Fellow and Host Laboratory
Roberto Araya, Ph.D., Chile Columbia University
Alexander De Luna, Ph.D., Mexico Harvard University
Tatiana Hochgreb, Ph.D., Brazil University of California, San Francisco
Yazmin Macotela, Ph.D., Mexico Harvard University
Adriana Elisa Tron, Ph.D., Argentina Dana-Farber Cancer Institute
Adrian Gustavo Turjanski, Ph.D., Argentina National Institutes of Health
Alexander Omar Vargas, Ph.D., Chile Yale University

The Pew Charitable Trusts serves the public interest by providing information, advancing policy solutions and supporting civic life. Based in Philadelphia, with an office in Washington, D.C., the Trusts will invest $204 million in fiscal year 2006 to provide organizations and citizens with fact-based research and practical solutions for challenging issues.

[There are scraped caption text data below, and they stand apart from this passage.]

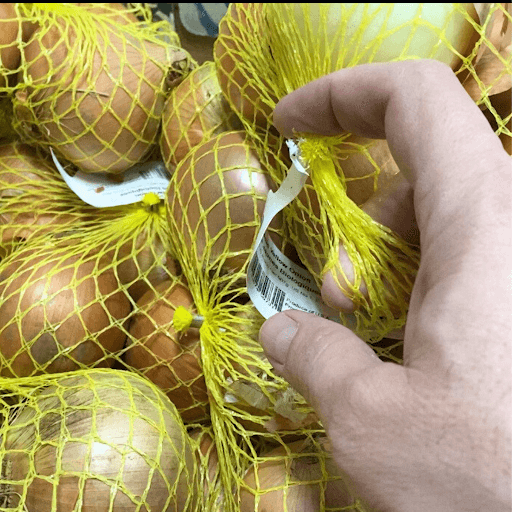 how long does a cut onion last in the fridge-Market Onions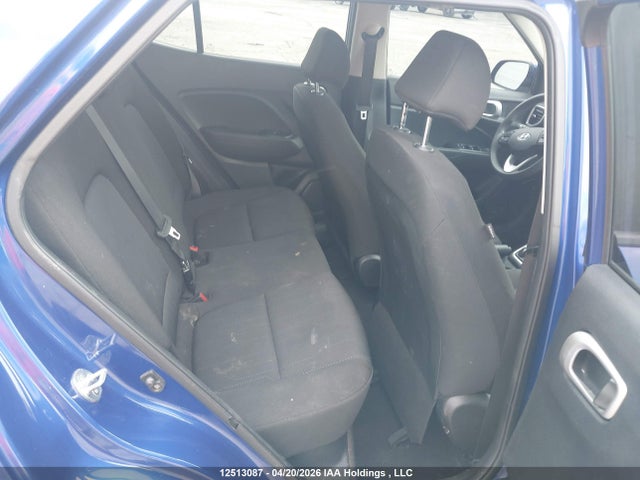 HYUNDAI VENUE ESSENTIAL AUTO IVT - 8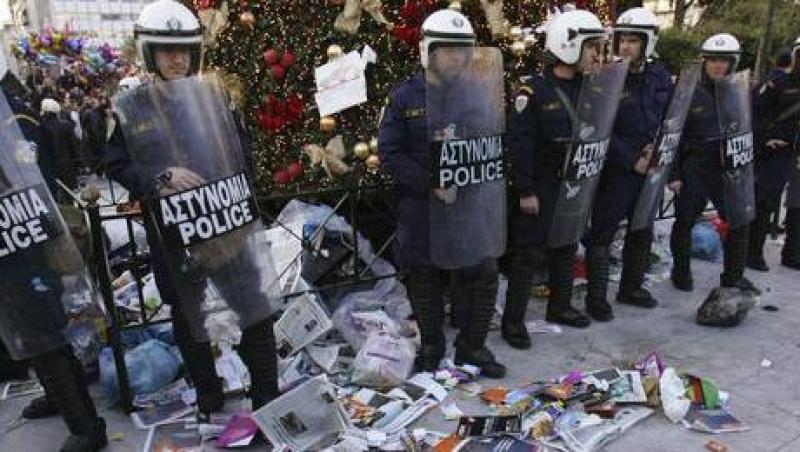 O noua zi de greva generala in Grecia. Fortele de ordine sunt in stare de alerta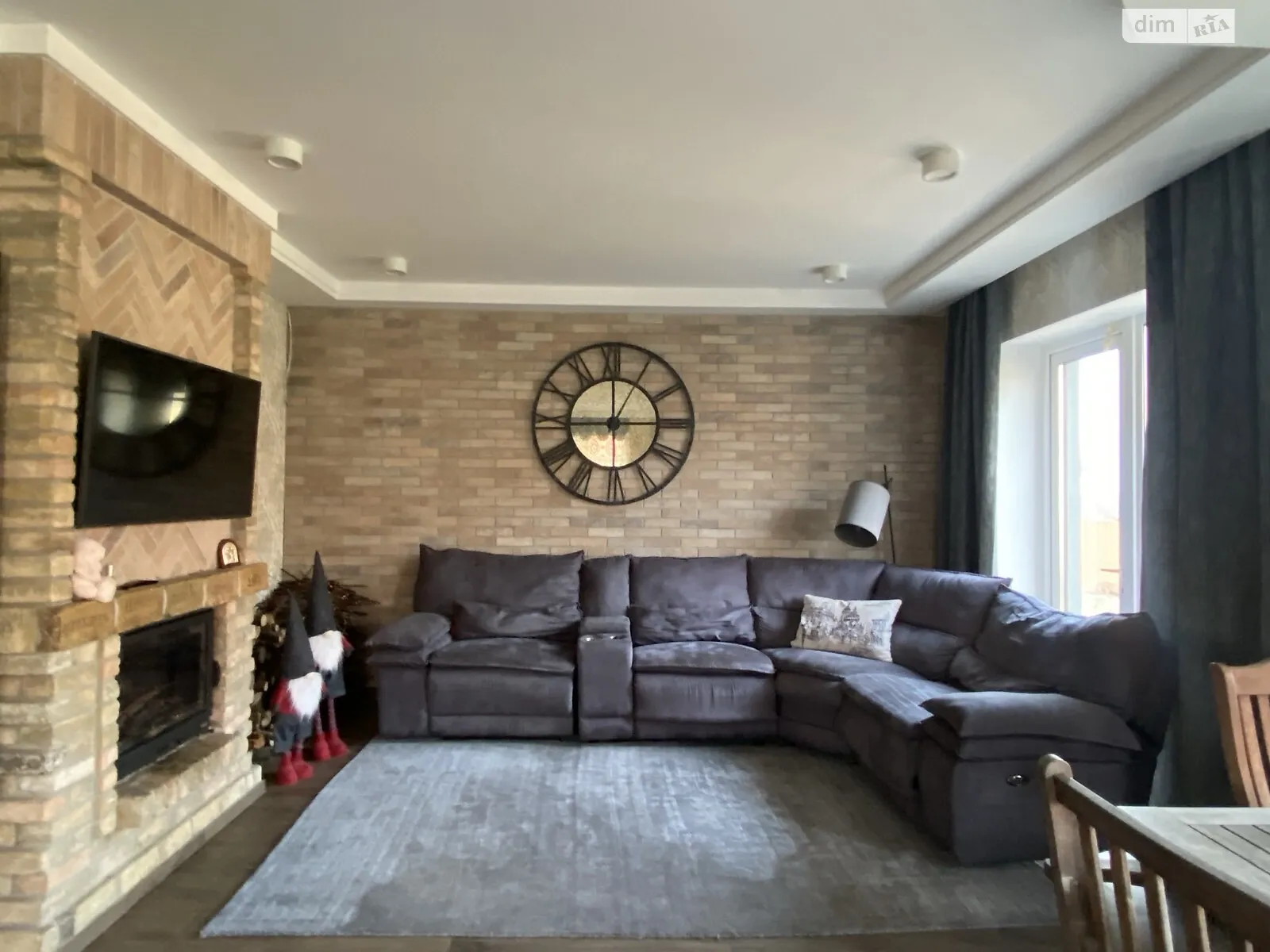 Продается дом на 2 этажа 219 кв. м с балконом, цена: 345000 $ - фото 1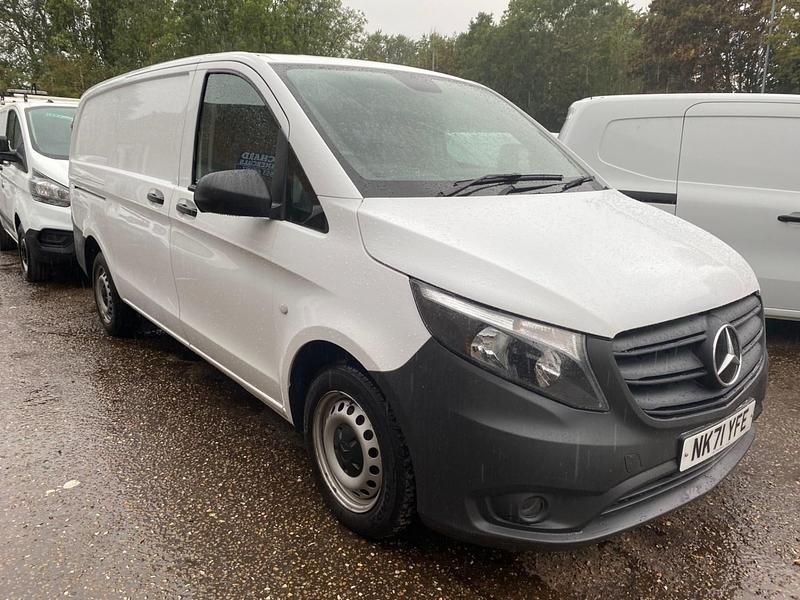 White Used 2021 Mercedes Vito Progressive MPV | £8,495 (Super price) - Image 1/4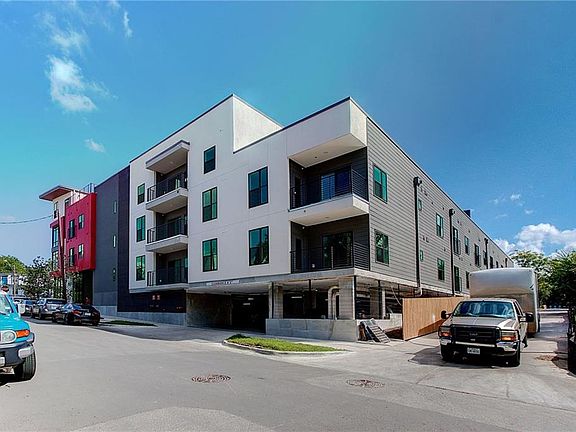 2nd image of 2213 Poquito St #213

The Pew Latin American Fellows in the Biomedical Sciences program is part of a portfolio of projects funded by the Trusts that focuses on science and technology. Other programs include the Science and Society Institute, which trains biomedical scientists so they can effectively contribute to science policy discussions and solutions, and three science policy initiatives that address the benefits and challenges raised by emerging technologies – the Pew Initiative on Food and Biotechnology, the Genetics and Public Policy Center, and the Project on Emerging Nanotechnologies.